For a sunroom, the windows are the biggest thing that you need to consider. You may be planning a sunroom with one completely glass wall and two aluminum walls, or you may be planning glass on three sides of the enclosure. Either way, you're going to let in a lot more light than you would in the average room, and you need to figure out how to manage it.
While double paned windows are fine for the rest of the house, triple paned windows are a better option for a sunroom. The extra pane of glass not only provides a thicker barrier between you and the sun, it also allows for an extra layer of insulating gas. Argon is the insulating gas most commonly used between panes of glass, and while you would only have one layer of argon in a double paned window, you will have two if you choose three panes.
One final thing that you can do to make sure that your windows are energy efficient is have them coated with a thin metal that deflects the sun's glare. These metal coatings – usually titanium oxide or silver – are not visible, but their presence reduces the effects of the sun. Combining all three of these factors – triple panes, insulating gas, and coatings – will give you the most energy efficient glass possible for your sunroom.
One way of making your sunroom a comfortable space is by adding thermal mass – dense materials that will absorb and conduct heat that does make its way into your sunroom when the sun is shining. There are many ways to do this. A simple way is with your sunroom's flooring. Skip lighter weight carpeting or wood, and use stone, concrete, or heavy tile for the floor of your sunroom. Not only will you give the room a unique look, you'll provide thermal mass.
If you're looking for something a little more creative, you should consider adding a water wall to your sunroom. This is a wall made up of water vessels like paint cans,55-gallon drums, pipes, or fiberglass tubes. The water vessels, and the water inside of them, holds onto the heat and releases it slowly. This is a trick sometimes used to create heat sinks in greenhouses, and it could work equally well in your sunroom. Have fun with it by painting the water vessels in bright colors that match your sunroom's décor.
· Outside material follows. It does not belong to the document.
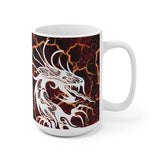Dragon (ver 2.0)  - White Ceramic Mug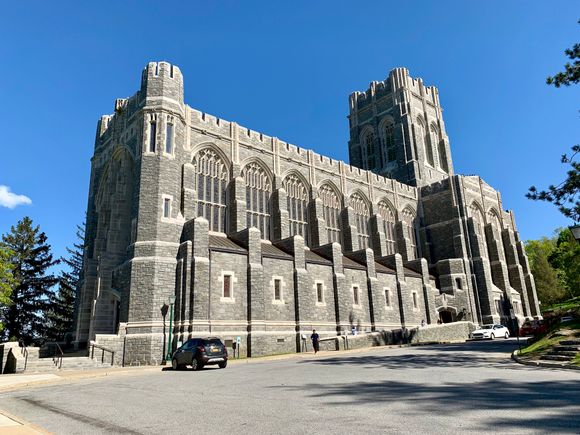 West Point. Nondenominational church on campus.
It's a good idea to consider plants both outside and inside of the sunroom. Careful landscaping outside of the sunroom can increase the room's energy efficiency. Plant shade trees and shrubbery outside of the sunroom to help deflect some of the most direct rays. You'll save energy and beautify your view at the same time.
It's not a bad idea to have some potted plants inside of your sunroom as well. With so much light allowed inside, sunrooms are very conducive to the growth of many plants. Indoor plants improve air quality by absorbing carbon dioxide. Having a few plants in your sunroom can be good for your health and reduce your stress level.
If you've been putting off adding a sunroom because of the potential heating and cooling costs, there's no need to wait any longer. There are many strategies that will allow you to enjoy a sunroom without paying a fortune in energy bills. Ask your contractor about the most energy efficient strategies for building your sunroom.